→ **EXERCISE DATA**
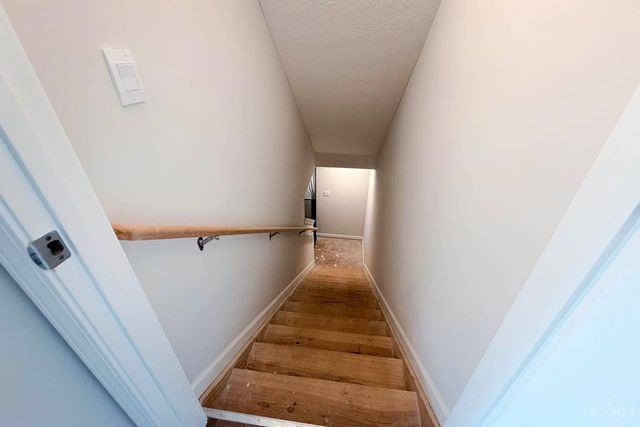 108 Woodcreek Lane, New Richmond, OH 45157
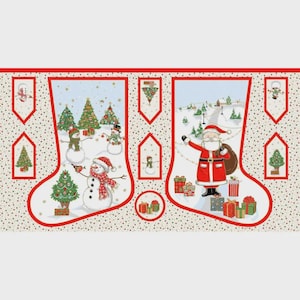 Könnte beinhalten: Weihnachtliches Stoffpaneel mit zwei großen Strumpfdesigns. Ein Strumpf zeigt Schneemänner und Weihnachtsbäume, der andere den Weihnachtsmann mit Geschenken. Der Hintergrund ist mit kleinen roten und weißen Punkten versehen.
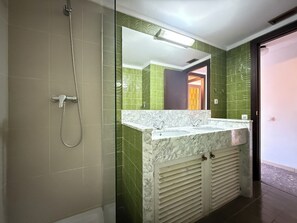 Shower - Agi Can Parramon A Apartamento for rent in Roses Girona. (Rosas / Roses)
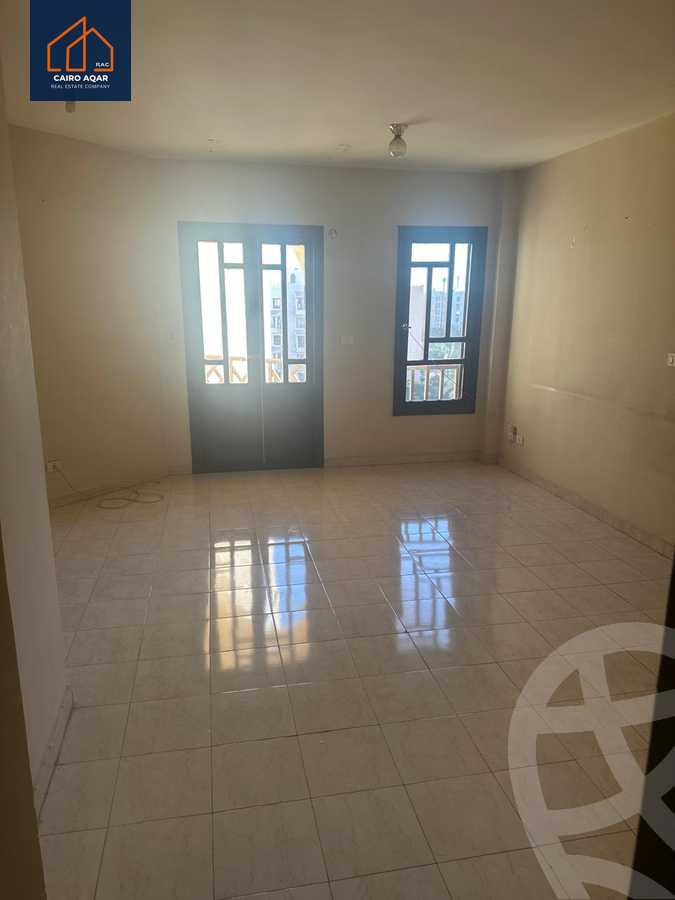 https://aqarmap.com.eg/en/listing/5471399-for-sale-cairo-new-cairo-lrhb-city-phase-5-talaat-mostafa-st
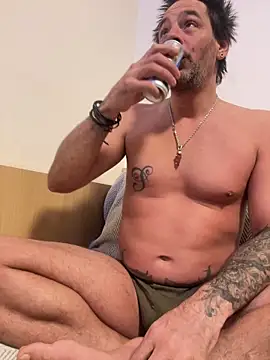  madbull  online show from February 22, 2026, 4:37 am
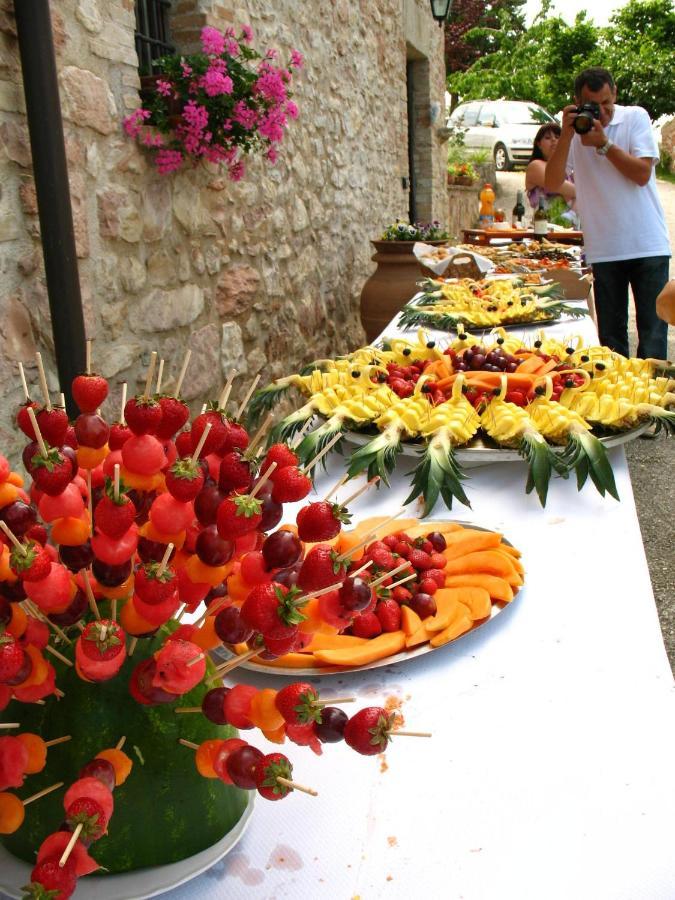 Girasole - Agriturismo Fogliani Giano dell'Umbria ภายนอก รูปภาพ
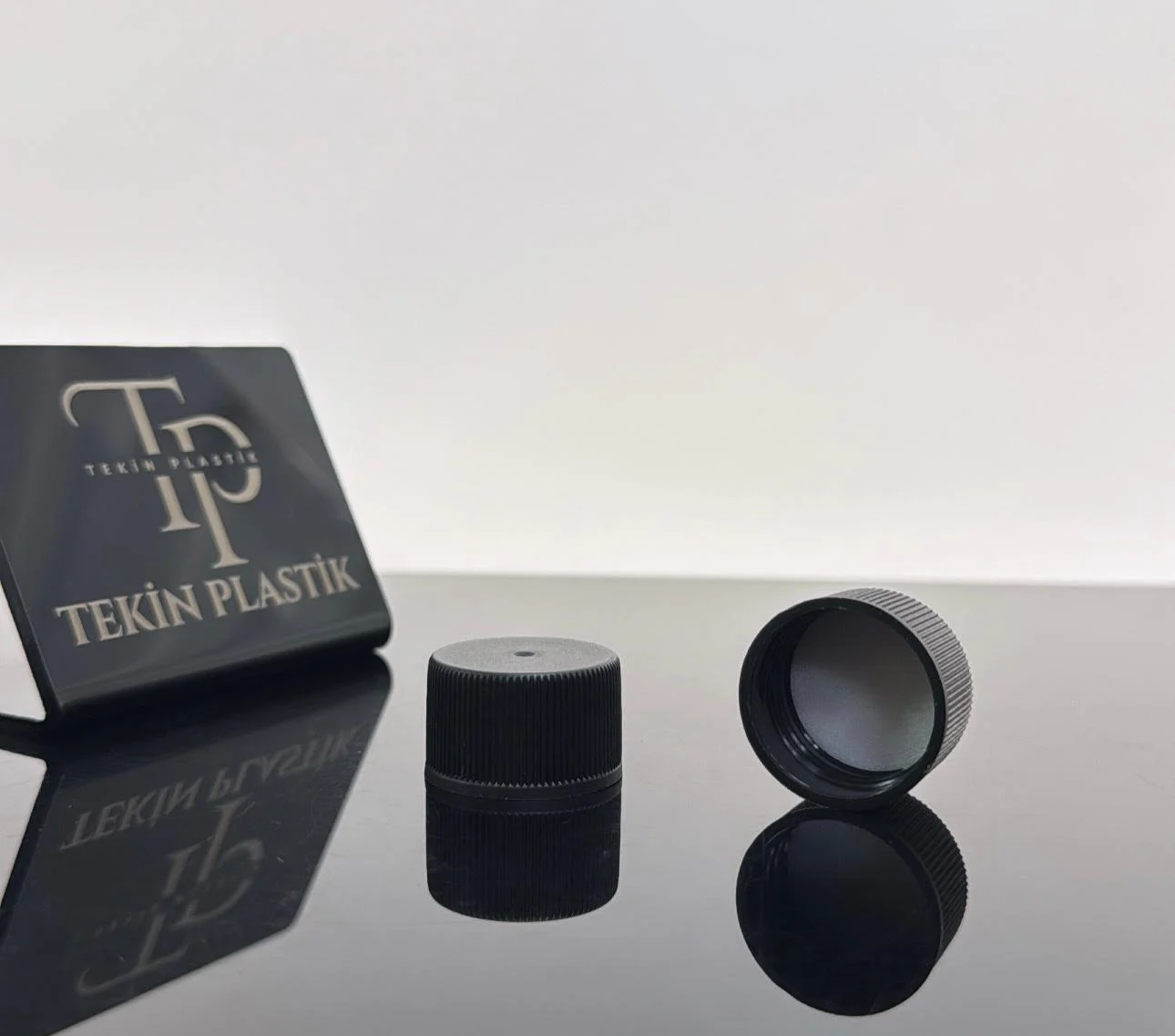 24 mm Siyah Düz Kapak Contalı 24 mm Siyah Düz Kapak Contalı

...

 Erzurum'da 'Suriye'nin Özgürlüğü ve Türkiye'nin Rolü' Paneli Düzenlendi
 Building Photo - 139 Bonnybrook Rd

---

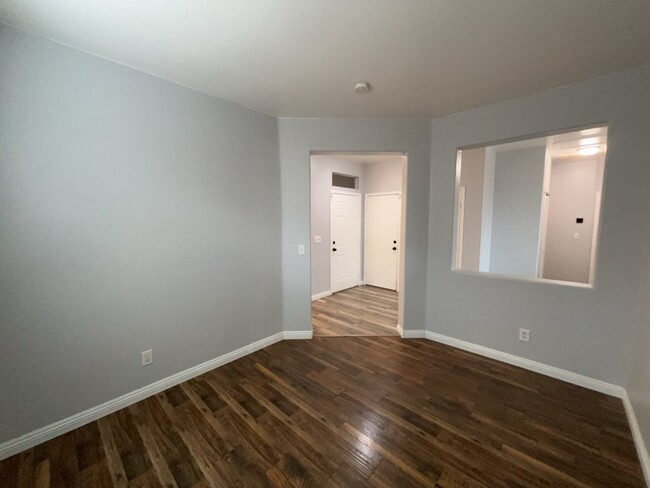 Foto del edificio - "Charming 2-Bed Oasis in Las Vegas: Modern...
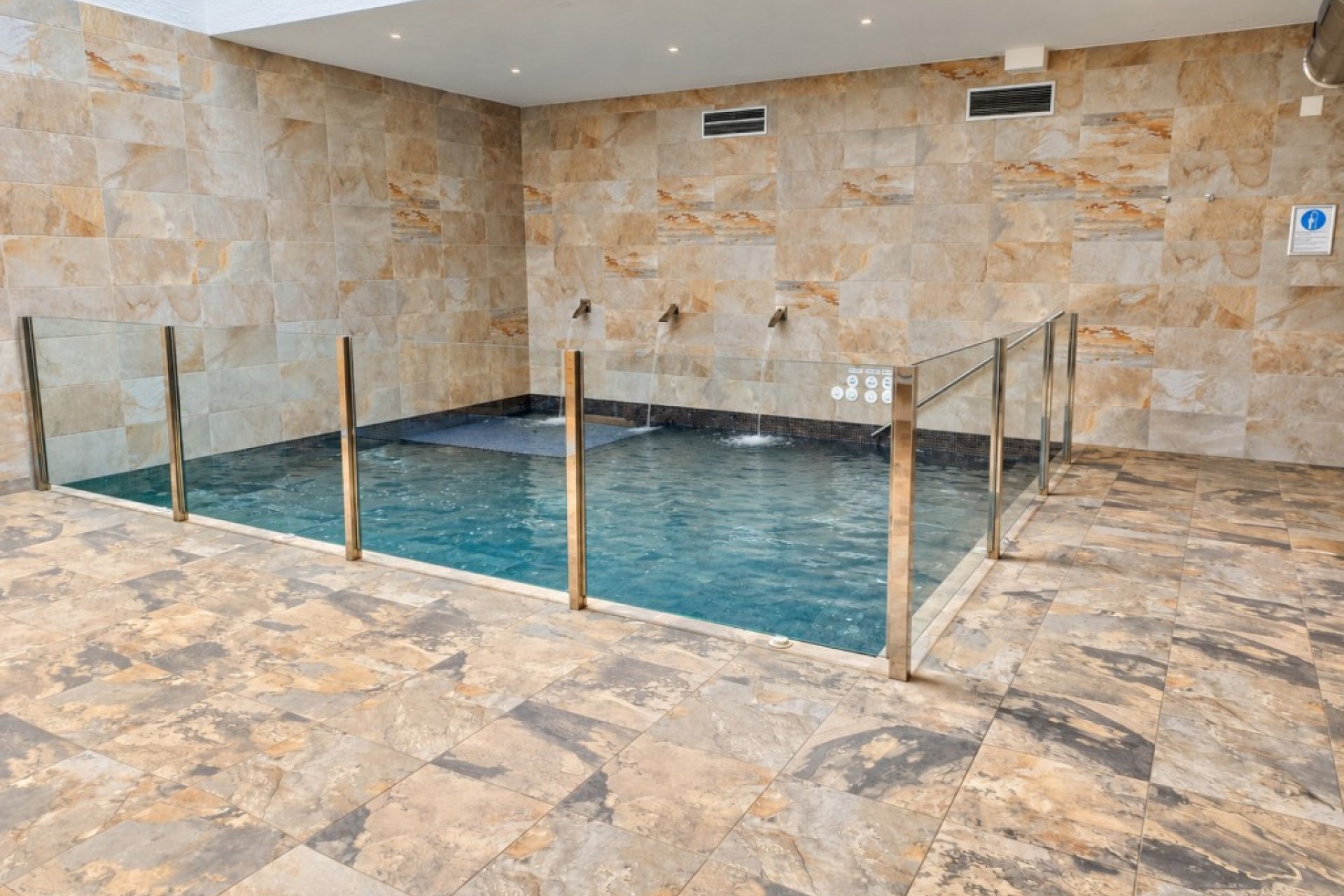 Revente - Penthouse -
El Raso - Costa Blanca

→ **WORK TASK**
Exact copy, pictures excluded: from the line with "108 Woodcreek Lane, New Richmond, OH 45157" up to and including the line with "24 mm Siyah Düz Kapak Contalı 24" in the data above.

→ **ANSWER**
 108 Woodcreek Lane, New Richmond, OH 45157
 Könnte beinhalten: Weihnachtliches Stoffpaneel mit zwei großen Strumpfdesigns. Ein Strumpf zeigt Schneemänner und Weihnachtsbäume, der andere den Weihnachtsmann mit Geschenken. Der Hintergrund ist mit kleinen roten und weißen Punkten versehen.
 Shower - Agi Can Parramon A Apartamento for rent in Roses Girona. (Rosas / Roses)
 https://aqarmap.com.eg/en/listing/5471399-for-sale-cairo-new-cairo-lrhb-city-phase-5-talaat-mostafa-st
  madbull  online show from February 22, 2026, 4:37 am
 Girasole - Agriturismo Fogliani Giano dell'Umbria ภายนอก รูปภาพ
 24 mm Siyah Düz Kapak Contalı 24 mm Siyah Düz Kapak Contalı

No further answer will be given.